The pace of disease progression varies from patient to patient, and the symptoms depend on the muscles affected. Regular monitoring of the patient’s course assists in directing treatment.

Standardized assessment of patients with ALS was facilitated by the development of the ALS Functional Rating Scale, a 10-item standardized questionnaire. [170] It was revised to give greater weight to respiratory involvement and became the 12-item ALSFRS-R, [171, 172] which is used extensively.

In the ALSFRS-R, functions mediated by cervical, trunk, lumbosacral, and respiratory muscles are each assessed by 3 items. Each item is scored from 0-4, with 4 reflecting no involvement by the disease and 0 reflecting maximal involvement. The item scores are added to give a total.

Total scores reflect the impact of ALS, as follows:

  • >40 (minimal to mild)

  • 39-30 (mild to moderate)

  • < 30 (moderate to severe)

  • < 20 (advanced disease)

For an individual patient, loss of only 8-10 points on the ALSFRS-R may have severe implications; eg, if respiratory or bulbar function bears the brunt of the losses. A minor limitation of the scale is that it has a floor effect in terms of measuring disease progression in quadriparetic, ventilator-dependent patients.

Most physicians caring for patients with ALS use a measure of the patient’s breathing ability to follow the course of their disease. In the United Kingdon, a governmental clinical guideline exists for monitoring respiratory weakness, with clear points for referral or intervention.

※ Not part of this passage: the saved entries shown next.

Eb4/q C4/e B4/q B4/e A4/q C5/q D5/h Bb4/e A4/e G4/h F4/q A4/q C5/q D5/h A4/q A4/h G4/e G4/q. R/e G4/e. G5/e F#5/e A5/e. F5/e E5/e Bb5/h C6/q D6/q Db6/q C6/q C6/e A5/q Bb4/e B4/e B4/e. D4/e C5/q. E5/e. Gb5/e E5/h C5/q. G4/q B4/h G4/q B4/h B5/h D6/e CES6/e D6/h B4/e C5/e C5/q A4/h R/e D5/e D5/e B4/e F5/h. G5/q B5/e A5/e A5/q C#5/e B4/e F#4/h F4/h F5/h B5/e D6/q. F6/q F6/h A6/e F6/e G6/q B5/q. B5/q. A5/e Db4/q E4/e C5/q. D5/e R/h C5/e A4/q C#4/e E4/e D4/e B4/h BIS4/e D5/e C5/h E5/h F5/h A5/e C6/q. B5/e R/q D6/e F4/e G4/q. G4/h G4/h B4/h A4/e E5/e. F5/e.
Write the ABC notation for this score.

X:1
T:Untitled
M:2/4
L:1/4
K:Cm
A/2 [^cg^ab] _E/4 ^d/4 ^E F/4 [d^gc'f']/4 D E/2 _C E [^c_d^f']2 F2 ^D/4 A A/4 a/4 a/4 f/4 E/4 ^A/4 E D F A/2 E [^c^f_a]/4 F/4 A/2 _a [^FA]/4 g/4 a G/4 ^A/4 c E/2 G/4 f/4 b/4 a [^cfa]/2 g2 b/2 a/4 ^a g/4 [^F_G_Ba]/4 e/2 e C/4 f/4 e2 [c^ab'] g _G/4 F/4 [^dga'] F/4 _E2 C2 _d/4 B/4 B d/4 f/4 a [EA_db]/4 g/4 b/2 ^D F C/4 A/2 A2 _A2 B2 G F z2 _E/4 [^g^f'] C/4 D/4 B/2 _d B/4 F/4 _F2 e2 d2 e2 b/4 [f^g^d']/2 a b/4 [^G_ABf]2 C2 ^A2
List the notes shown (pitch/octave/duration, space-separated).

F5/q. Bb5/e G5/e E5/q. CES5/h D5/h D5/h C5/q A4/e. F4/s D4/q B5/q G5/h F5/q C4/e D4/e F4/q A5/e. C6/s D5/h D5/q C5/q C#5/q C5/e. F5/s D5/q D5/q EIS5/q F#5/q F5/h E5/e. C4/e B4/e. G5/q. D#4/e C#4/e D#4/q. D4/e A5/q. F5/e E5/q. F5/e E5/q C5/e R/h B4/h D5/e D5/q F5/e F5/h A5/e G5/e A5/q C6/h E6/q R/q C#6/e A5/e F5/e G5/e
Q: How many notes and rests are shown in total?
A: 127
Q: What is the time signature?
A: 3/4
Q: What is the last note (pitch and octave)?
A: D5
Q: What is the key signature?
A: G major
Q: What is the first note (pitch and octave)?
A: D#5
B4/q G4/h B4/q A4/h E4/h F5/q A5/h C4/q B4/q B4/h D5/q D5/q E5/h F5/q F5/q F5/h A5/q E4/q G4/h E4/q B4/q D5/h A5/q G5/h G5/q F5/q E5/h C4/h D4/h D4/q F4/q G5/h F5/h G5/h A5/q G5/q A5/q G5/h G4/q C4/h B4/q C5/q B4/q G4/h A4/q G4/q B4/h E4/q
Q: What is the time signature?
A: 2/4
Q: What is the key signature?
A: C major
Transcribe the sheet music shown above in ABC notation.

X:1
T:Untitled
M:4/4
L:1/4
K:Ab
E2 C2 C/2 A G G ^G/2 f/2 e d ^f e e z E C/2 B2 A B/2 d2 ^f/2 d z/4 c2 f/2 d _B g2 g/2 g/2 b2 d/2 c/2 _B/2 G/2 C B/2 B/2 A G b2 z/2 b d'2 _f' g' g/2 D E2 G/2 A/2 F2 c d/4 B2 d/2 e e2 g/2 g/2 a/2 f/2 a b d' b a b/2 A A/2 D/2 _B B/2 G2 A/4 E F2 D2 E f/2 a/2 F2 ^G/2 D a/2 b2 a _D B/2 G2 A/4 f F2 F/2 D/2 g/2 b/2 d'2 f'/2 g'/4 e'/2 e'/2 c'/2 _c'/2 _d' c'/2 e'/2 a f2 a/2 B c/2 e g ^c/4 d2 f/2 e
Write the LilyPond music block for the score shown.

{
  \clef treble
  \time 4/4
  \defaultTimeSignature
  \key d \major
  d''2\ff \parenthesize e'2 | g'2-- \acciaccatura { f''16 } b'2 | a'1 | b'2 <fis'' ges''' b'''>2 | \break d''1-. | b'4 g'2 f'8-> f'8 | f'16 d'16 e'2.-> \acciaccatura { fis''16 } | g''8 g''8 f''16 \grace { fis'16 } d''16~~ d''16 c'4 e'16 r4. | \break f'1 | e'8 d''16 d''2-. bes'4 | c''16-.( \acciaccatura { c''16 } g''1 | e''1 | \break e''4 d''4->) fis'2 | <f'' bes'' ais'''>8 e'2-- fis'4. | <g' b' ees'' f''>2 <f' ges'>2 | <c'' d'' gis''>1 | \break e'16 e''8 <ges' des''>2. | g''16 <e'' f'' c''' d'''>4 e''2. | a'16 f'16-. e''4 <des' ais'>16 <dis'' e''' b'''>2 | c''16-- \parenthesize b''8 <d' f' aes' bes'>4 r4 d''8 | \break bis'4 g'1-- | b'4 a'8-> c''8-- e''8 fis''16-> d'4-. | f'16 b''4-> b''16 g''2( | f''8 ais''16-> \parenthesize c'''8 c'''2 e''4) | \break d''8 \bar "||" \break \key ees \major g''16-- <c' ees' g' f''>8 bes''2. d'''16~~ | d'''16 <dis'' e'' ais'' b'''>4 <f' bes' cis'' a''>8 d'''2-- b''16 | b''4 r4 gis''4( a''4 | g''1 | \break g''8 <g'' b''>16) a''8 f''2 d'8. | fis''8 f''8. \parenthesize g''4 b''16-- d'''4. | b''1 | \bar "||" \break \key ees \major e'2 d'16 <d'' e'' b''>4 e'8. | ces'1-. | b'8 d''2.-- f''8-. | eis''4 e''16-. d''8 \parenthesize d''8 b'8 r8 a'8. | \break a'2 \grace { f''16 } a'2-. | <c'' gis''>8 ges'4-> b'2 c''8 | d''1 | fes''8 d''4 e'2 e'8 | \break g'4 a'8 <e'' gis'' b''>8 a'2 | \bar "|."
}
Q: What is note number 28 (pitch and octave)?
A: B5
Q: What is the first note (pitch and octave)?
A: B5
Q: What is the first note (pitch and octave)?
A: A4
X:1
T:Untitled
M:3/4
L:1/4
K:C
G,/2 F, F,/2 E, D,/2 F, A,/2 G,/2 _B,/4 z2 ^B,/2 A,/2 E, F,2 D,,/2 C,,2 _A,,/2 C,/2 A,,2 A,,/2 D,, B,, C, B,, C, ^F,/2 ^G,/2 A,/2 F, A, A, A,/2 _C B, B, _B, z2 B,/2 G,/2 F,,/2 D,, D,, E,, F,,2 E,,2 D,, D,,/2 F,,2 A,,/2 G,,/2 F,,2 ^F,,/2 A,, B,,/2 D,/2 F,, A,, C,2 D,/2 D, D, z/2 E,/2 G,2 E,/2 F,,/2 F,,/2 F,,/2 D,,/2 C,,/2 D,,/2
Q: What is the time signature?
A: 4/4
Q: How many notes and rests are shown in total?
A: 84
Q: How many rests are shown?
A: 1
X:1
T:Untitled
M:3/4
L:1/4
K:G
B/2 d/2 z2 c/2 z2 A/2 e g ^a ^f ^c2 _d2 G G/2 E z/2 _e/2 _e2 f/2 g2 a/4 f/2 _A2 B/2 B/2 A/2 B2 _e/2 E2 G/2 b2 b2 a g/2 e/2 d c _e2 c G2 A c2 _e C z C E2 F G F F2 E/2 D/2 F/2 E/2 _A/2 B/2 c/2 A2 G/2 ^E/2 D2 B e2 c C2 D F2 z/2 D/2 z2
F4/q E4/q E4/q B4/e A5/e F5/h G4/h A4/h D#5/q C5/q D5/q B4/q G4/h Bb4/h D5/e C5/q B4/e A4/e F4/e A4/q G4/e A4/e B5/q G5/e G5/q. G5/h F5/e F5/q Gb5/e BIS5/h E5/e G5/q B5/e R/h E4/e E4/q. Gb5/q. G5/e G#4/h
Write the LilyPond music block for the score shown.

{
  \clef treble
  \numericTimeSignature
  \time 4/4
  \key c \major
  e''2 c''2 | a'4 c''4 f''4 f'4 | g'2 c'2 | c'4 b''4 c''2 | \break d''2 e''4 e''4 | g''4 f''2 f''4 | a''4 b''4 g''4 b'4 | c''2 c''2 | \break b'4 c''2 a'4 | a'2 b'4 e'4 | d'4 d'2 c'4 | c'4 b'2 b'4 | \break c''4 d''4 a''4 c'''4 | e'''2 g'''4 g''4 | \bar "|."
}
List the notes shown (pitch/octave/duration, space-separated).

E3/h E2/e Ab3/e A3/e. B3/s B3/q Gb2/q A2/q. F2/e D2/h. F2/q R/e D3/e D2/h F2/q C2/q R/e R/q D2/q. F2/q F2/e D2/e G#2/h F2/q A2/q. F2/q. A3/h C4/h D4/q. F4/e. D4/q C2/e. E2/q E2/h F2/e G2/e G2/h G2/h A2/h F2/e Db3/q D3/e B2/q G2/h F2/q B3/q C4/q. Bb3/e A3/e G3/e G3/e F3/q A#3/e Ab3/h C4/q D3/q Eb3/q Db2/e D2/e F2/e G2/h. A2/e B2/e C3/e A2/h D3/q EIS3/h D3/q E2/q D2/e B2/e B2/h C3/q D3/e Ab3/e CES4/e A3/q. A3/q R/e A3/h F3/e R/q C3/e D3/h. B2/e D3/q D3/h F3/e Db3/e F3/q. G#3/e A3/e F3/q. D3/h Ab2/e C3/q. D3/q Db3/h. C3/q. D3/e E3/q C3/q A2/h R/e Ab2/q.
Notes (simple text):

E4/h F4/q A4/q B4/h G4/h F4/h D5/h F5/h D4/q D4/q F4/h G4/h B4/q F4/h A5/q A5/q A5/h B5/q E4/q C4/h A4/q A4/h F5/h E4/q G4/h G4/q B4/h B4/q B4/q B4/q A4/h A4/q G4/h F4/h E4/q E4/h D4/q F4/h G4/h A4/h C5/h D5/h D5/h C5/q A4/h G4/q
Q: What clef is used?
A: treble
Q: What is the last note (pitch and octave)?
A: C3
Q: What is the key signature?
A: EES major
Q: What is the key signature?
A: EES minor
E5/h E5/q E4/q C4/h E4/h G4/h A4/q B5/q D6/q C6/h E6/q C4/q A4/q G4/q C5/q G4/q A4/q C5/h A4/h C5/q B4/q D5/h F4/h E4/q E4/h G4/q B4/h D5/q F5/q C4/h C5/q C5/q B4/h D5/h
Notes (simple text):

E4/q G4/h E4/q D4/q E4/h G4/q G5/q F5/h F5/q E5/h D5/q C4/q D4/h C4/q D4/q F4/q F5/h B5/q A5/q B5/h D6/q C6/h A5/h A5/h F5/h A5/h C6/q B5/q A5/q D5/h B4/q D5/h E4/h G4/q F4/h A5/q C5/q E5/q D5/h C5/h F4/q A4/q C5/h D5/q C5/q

Of the tests of pulmonary function, vital capacity is used most commonly. Additional measures, such as maximal inspiratory and expiratory pressures, arterial blood gas measurements, and overnight oximetry, may provide earlier evidence of dysfunction. Comparison of vital capacity in the upright and supine positions may also provide an earlier indication of weakening ventilatory muscle strength.